# WHAT THIS TASK INVOLVES:
Each line of the listing that contains the word "Long" is to be copied.

# DATASET RECORDS:
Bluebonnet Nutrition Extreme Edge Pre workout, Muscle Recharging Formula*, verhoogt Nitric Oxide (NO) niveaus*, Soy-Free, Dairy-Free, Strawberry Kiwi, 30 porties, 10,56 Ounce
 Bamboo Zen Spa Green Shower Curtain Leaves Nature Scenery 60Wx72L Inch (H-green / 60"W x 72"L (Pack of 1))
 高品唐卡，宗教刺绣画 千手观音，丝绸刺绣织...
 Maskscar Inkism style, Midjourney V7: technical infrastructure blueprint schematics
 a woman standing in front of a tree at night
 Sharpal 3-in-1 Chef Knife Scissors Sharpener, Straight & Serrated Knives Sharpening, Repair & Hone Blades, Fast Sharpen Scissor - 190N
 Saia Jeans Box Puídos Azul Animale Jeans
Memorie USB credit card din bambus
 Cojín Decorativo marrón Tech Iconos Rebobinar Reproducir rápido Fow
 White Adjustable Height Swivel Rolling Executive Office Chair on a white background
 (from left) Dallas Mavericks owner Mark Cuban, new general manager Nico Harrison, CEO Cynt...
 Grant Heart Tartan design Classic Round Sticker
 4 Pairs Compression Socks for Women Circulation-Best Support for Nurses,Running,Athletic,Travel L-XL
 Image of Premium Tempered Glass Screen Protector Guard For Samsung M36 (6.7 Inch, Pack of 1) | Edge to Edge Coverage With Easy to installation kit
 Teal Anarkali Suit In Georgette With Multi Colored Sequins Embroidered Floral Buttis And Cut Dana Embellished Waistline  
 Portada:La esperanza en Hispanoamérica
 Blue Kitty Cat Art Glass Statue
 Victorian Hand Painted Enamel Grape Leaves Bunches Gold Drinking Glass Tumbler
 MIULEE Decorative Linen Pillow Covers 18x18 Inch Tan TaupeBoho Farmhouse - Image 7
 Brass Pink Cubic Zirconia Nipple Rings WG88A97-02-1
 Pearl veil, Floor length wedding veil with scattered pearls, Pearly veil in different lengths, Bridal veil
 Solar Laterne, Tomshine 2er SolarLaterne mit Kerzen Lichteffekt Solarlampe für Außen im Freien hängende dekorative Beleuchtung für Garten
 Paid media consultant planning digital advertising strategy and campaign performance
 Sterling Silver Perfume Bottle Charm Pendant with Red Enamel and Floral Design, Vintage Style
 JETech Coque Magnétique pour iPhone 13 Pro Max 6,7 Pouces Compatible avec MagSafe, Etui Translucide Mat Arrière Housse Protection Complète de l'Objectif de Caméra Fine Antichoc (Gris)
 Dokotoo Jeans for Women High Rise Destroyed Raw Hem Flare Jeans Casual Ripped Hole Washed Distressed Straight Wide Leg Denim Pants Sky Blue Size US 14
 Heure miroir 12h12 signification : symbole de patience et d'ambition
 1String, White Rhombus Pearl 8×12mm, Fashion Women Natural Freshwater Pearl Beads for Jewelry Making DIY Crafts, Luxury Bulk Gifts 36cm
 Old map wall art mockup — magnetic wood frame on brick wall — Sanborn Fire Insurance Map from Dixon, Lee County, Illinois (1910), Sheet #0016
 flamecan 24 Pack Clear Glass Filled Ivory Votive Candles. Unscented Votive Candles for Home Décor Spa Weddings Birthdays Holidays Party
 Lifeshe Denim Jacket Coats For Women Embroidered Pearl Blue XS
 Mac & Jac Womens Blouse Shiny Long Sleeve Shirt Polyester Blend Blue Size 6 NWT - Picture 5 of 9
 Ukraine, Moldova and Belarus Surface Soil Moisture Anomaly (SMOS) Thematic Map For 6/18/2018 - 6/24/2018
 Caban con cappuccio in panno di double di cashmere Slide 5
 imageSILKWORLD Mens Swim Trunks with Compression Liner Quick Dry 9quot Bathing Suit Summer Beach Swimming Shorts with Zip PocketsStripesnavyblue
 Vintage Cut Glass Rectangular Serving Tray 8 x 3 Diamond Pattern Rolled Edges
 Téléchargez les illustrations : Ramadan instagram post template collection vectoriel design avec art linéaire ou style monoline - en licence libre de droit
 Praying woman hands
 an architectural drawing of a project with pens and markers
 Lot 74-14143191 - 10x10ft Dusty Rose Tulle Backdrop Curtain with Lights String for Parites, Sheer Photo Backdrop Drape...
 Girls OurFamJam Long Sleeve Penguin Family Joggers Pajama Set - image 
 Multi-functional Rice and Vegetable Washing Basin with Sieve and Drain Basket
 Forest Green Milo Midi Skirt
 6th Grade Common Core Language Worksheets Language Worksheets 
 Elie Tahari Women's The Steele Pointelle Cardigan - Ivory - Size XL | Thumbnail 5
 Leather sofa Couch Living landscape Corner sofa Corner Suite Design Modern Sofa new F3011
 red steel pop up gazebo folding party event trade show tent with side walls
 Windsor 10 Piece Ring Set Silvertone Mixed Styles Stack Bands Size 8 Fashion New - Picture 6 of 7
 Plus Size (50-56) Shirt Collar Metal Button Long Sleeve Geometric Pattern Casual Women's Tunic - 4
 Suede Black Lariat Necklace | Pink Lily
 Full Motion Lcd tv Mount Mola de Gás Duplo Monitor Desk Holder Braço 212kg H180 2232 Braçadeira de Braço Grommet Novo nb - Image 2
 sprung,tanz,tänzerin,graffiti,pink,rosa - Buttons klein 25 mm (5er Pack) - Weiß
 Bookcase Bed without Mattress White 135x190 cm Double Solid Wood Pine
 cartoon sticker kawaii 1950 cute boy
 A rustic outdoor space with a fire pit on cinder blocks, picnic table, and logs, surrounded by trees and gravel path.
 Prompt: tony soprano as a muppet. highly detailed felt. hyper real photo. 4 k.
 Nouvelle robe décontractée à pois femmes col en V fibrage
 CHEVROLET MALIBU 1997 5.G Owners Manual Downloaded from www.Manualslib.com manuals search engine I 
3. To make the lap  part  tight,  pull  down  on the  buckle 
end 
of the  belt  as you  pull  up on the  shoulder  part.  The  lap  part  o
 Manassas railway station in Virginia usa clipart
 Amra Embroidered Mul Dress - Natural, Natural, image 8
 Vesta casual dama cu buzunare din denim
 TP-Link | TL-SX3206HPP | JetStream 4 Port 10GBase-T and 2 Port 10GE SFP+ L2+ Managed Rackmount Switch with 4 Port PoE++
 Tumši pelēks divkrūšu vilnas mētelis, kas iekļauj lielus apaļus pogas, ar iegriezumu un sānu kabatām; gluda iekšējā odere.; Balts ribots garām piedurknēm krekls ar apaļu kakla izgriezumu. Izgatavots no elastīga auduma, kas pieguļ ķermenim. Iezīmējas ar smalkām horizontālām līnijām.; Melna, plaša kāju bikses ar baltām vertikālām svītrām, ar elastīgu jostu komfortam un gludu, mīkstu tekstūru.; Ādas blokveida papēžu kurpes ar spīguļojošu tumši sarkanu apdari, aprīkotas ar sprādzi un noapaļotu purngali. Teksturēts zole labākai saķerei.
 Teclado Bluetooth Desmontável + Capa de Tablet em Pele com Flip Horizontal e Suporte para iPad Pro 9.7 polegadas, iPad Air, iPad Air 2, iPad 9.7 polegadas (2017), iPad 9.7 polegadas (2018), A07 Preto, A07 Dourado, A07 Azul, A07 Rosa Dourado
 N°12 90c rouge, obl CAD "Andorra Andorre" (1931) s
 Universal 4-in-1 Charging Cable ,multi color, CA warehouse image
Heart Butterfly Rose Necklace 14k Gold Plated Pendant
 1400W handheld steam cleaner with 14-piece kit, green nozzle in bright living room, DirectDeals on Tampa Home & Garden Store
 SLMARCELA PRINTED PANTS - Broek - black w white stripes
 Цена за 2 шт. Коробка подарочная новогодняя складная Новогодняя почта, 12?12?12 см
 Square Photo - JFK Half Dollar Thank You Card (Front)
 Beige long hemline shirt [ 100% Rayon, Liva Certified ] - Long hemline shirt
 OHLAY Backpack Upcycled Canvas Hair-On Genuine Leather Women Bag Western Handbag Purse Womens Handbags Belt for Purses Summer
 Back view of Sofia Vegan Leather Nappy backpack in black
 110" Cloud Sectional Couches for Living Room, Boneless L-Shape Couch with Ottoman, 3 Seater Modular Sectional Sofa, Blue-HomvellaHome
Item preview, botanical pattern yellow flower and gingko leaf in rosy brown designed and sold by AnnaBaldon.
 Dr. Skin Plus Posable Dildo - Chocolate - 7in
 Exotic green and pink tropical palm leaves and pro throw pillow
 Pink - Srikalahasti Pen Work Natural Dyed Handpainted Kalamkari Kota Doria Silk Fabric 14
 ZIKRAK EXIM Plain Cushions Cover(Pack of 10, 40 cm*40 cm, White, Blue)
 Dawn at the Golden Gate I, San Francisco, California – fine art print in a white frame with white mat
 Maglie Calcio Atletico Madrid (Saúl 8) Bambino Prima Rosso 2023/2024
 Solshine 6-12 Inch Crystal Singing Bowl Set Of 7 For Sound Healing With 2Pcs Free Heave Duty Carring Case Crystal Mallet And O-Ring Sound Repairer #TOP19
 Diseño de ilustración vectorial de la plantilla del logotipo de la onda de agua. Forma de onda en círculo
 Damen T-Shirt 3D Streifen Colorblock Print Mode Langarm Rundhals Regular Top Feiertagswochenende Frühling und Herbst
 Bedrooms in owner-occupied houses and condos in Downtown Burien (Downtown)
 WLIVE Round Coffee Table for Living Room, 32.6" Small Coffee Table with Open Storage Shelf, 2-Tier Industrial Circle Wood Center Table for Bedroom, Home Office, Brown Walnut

# SOLUTION TO THE EXERCISE:
 Mac & Jac Womens Blouse Shiny Long Sleeve Shirt Polyester Blend Blue Size 6 NWT - Picture 5 of 9
 Girls OurFamJam Long Sleeve Penguin Family Joggers Pajama Set - image 
 Plus Size (50-56) Shirt Collar Metal Button Long Sleeve Geometric Pattern Casual Women's Tunic - 4
 Beige long hemline shirt [ 100% Rayon, Liva Certified ] - Long hemline shirt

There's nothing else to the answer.